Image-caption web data
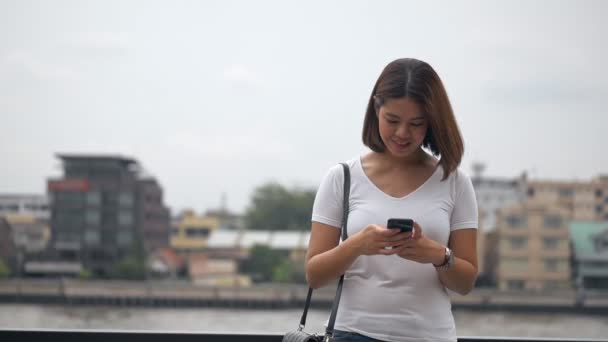 Mulher asiática nova bonita usando o smartphone que gosta de ler as mídias sociais além da cerca no rio
. - Filmagem, Vídeo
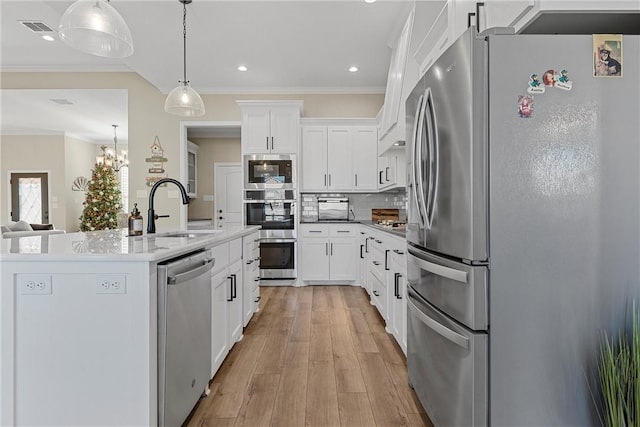 kitchen with decorative light fixtures, white cabinetry, sink, and appliances with stainless steel finishes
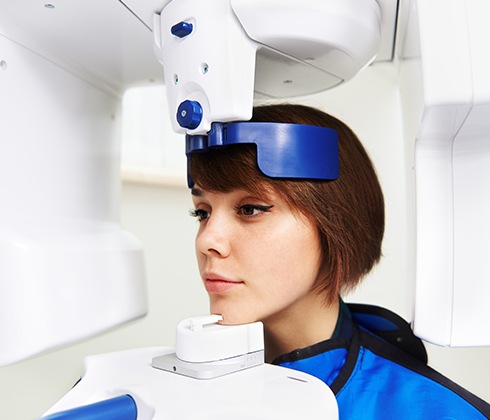Woman receiving advanced dentistry scans for guided dental implant placement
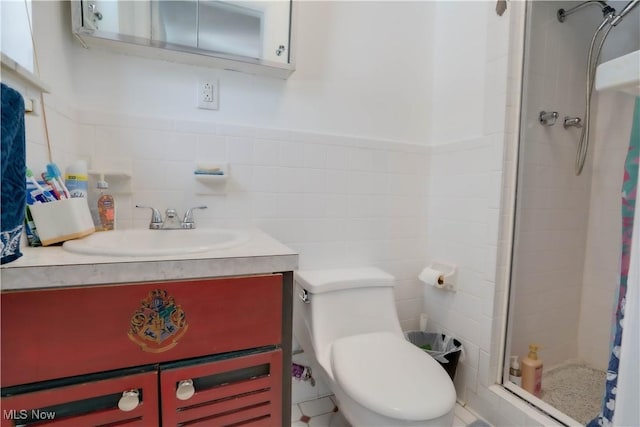 1701 19th Ave, Parkersburg, WV 26101 - bathroom with a stall shower, tile walls, and vanity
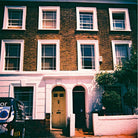 Traditional brick house with white-framed windows and a van parked outside.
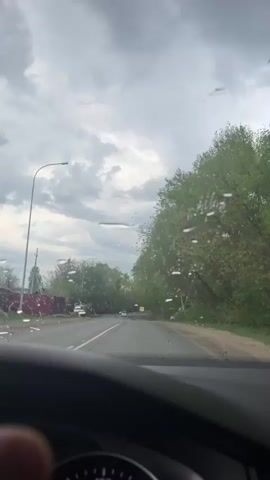 The video shows a view from inside a car driving on a wet road under a cloudy sky. Raindrops are visible on the windshield, and the wipers are running. On either side of the road are trees and roadside vegetation. The road ahead shows other vehicles, including cars and a truck, moving in both directions. In the foreground, the dashboard of the car and a portion of the steering wheel are visible. The speedometer shows that the car is moving.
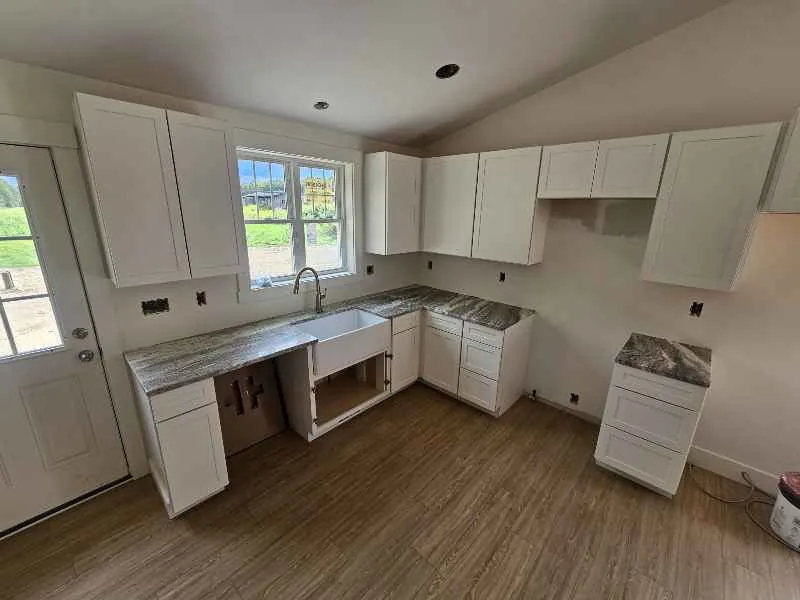 Gray and brown patterned countertop in a white kitchen renovation with a farmhouse sink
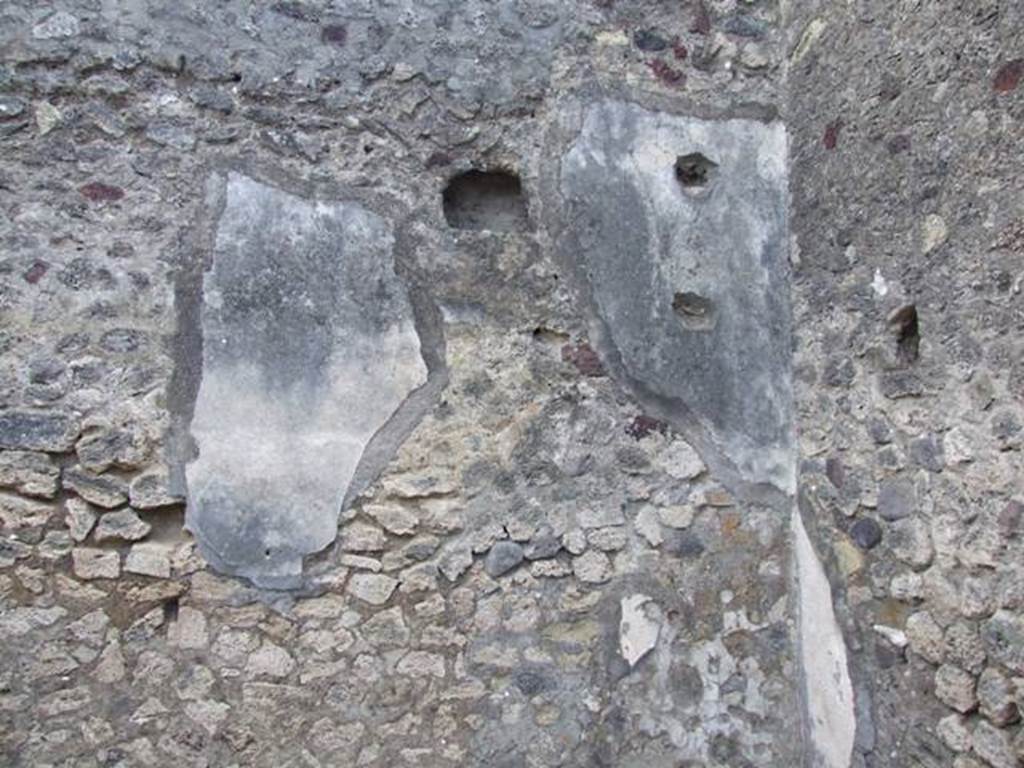 VI.3.3 Pompeii. March 2009. Room 6, south wall of kneading room with holes for shelving supports.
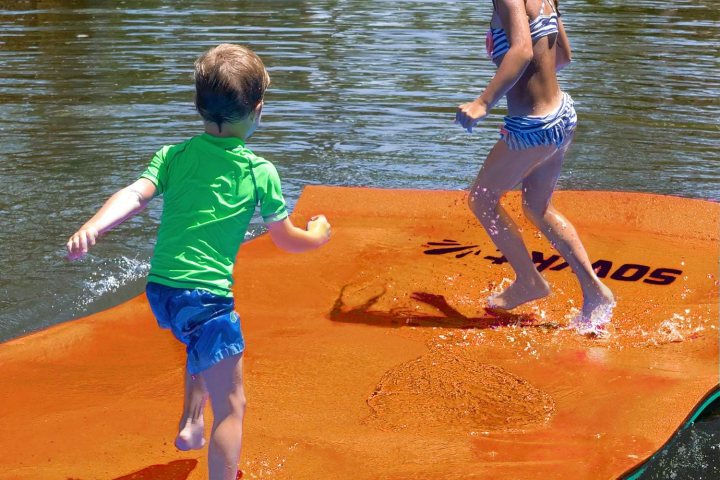 kids playing on a lily pad in the water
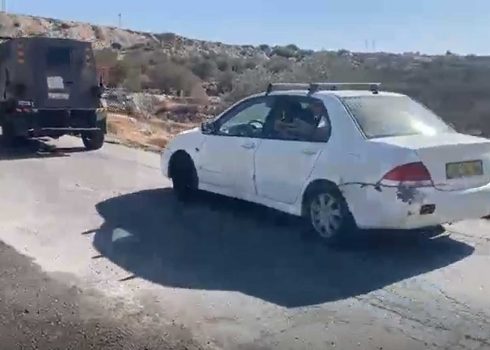 The soldiers leaving M.T.’s land in the military vehicle and his car. Taken from a video, courtesy of M.T.
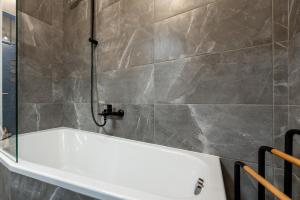a bath tub in a bathroom with a tile wall at Mojmirova Apartment Kosice Center in Košice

Directions for this task → Drop the images, then copy the data exactly.

Exercise output →
 Mulher asiática nova bonita usando o smartphone que gosta de ler as mídias sociais além da cerca no rio
. - Filmagem, Vídeo
 kitchen with decorative light fixtures, white cabinetry, sink, and appliances with stainless steel finishes
Woman receiving advanced dentistry scans for guided dental implant placement
 1701 19th Ave, Parkersburg, WV 26101 - bathroom with a stall shower, tile walls, and vanity
 Traditional brick house with white-framed windows and a van parked outside.
 The video shows a view from inside a car driving on a wet road under a cloudy sky. Raindrops are visible on the windshield, and the wipers are running. On either side of the road are trees and roadside vegetation. The road ahead shows other vehicles, including cars and a truck, moving in both directions. In the foreground, the dashboard of the car and a portion of the steering wheel are visible. The speedometer shows that the car is moving.
 Gray and brown patterned countertop in a white kitchen renovation with a farmhouse sink
 VI.3.3 Pompeii. March 2009. Room 6, south wall of kneading room with holes for shelving supports.
 kids playing on a lily pad in the water
 The soldiers leaving M.T.’s land in the military vehicle and his car. Taken from a video, courtesy of M.T.
a bath tub in a bathroom with a tile wall at Mojmirova Apartment Kosice Center in Košice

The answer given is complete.